Abstracts From The Abstracts
Part Five: 1981 Baseball Abstract
The 5th Annual Edition is the last of Bill James' self-published Baseball Abstracts. It features a light-yellow cover with artwork by Susan McCarthy of a dozen baseballs in an egg carton with the handwritten inscription "Baseball Fever - Hatch It". Susie, as Bill calls her in the acknowledgements section, also created a silkscreen on the "same motif as the cover design". The 15" x 23" four-color serigraph, "suitable for matting and framing", was offered for sale at $12 ($9 cost, $3 for postage and handling).
James also lists price information on back issues, noting 1980 and 1979 are "still available" for $10 and $7, respectively. He also mentions doing a reprint of the 1978 and 1977 editions and writes: "If you want one--and, to be frank about it, I don't know why anyone would--then send me a check or m.o. for the appropriate amount, the check sent before September 1 but dated (please) September 10. On September 1 I will count the checks and reprint the number needed. These copies will be exactly like the originals except they will say 'REPRINT' on the cover."
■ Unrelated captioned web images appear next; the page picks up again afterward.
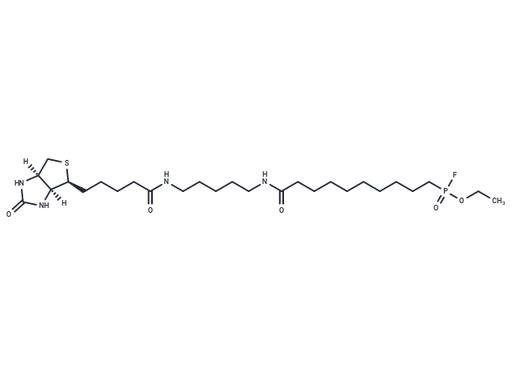 FP-Biotin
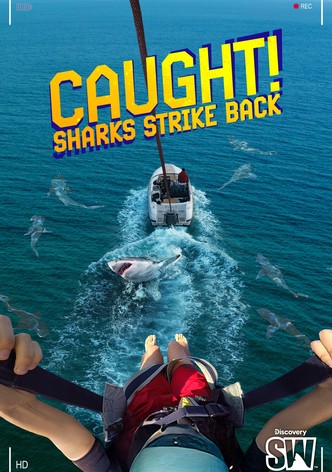 Caught! Sharks Strike Back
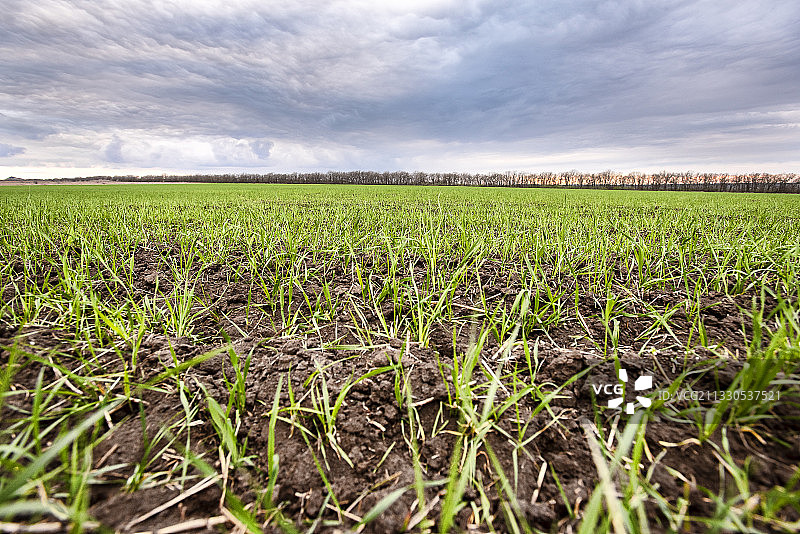 天空映衬下的农田风景图片素材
Down below, James offers the 1977 book for $5 ("Virtually all numbers; only one essay remains interesting at this point") and the 1978 version for $8 ("Far better, but still largely outdated").
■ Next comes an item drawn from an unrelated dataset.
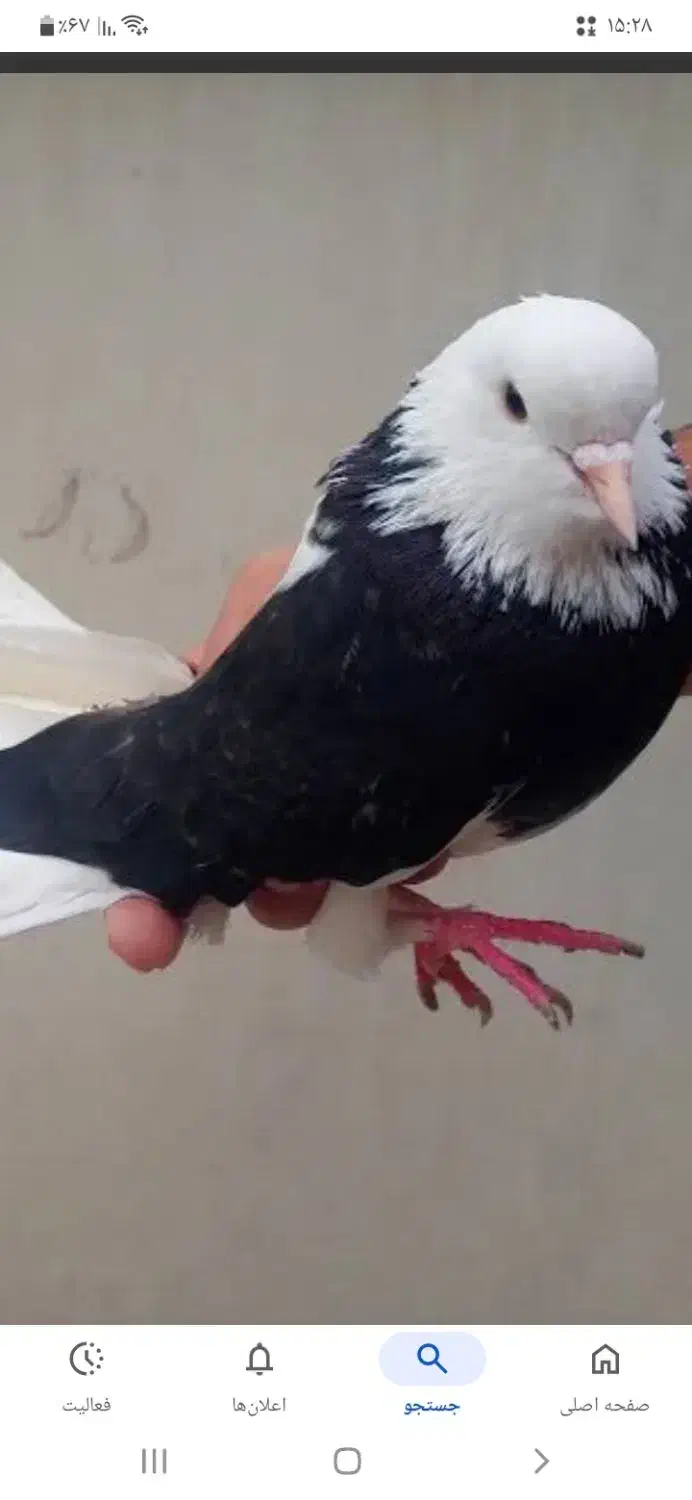 کبوتر گم شده|حیوانات|دورود, |دیوار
James opens the 1981 Abstract with a two-page "Dear Reader" letter entirely on the subject of sabermetrics, including what is sabermetrics, the definition of sabermetrics, and the difference between sportswriting and sabermetrics.
1) Sportswriting draws on the available evidence, and forces conclusions by selecting and arranging that evidence so that it points in the direction desired. Sabermetrics introduces new evidence, previously unknown data derived from original source material.
2) Sportswriting designs its analysis to fit the situation being discussed; sabermetrics designs methods which would be applicable not only in the present case but in any other comparable situation. The sportswriter say this player is better than that one because this player had 20 more home runs, 10 more doubles, and 40 more walks and those things are more important than that players 60 extra base hits and 31 extra stolen bases, and besides, there is always defense and if all else fails team leadership. If player C is introduced into this discussion, he is a whole new article. Sabermetrics puts into place formulas, schematic designs, or theories of relationship which could compare not only this player to that one, but to any player who might be introduced into the discussion.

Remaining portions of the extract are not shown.